(Requirement) Output all records exactly, with no images.

(Captioned web image data)

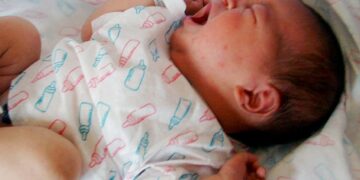 Detectan por año unos 60 recién nacidos expuestos al chagas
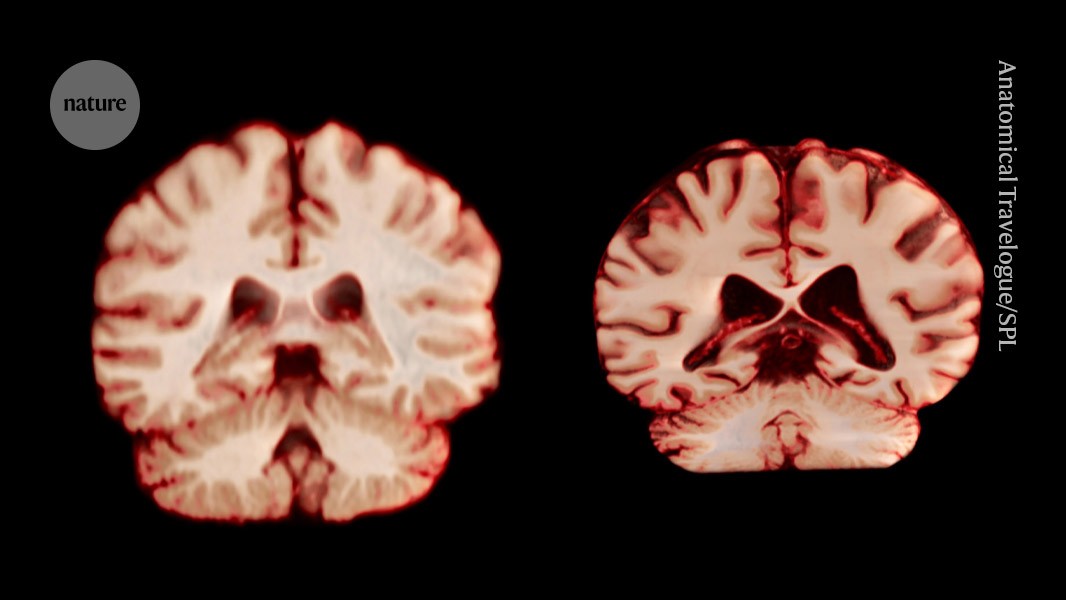 what that means for Alzheimer’s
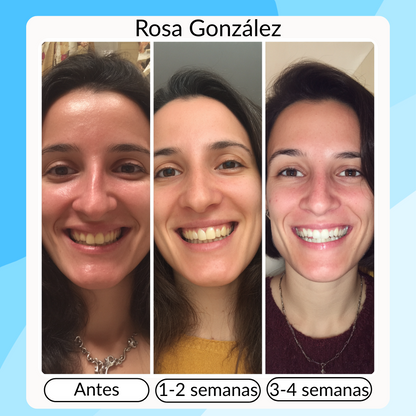 ELIMINA LAS MANCHAS Y EL MAL ALIENTO - smilekit™ TRANSFORMA TU SONRISA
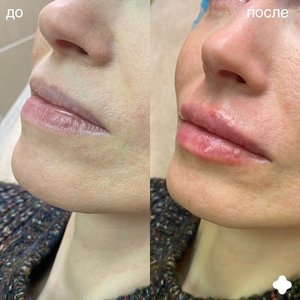 Контурная пластика губ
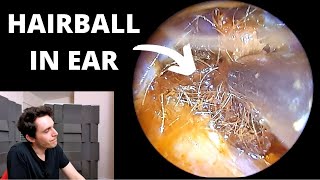 Painful Hairball Stuck In Ear Canal [upl. by Arais491]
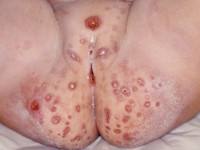 Jacquets erosieve luierdermatitis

(Task solution)
 Detectan por año unos 60 recién nacidos expuestos al chagas
 what that means for Alzheimer’s
 ELIMINA LAS MANCHAS Y EL MAL ALIENTO - smilekit™ TRANSFORMA TU SONRISA
 Контурная пластика губ
 Painful Hairball Stuck In Ear Canal [upl. by Arais491]
 Jacquets erosieve luierdermatitis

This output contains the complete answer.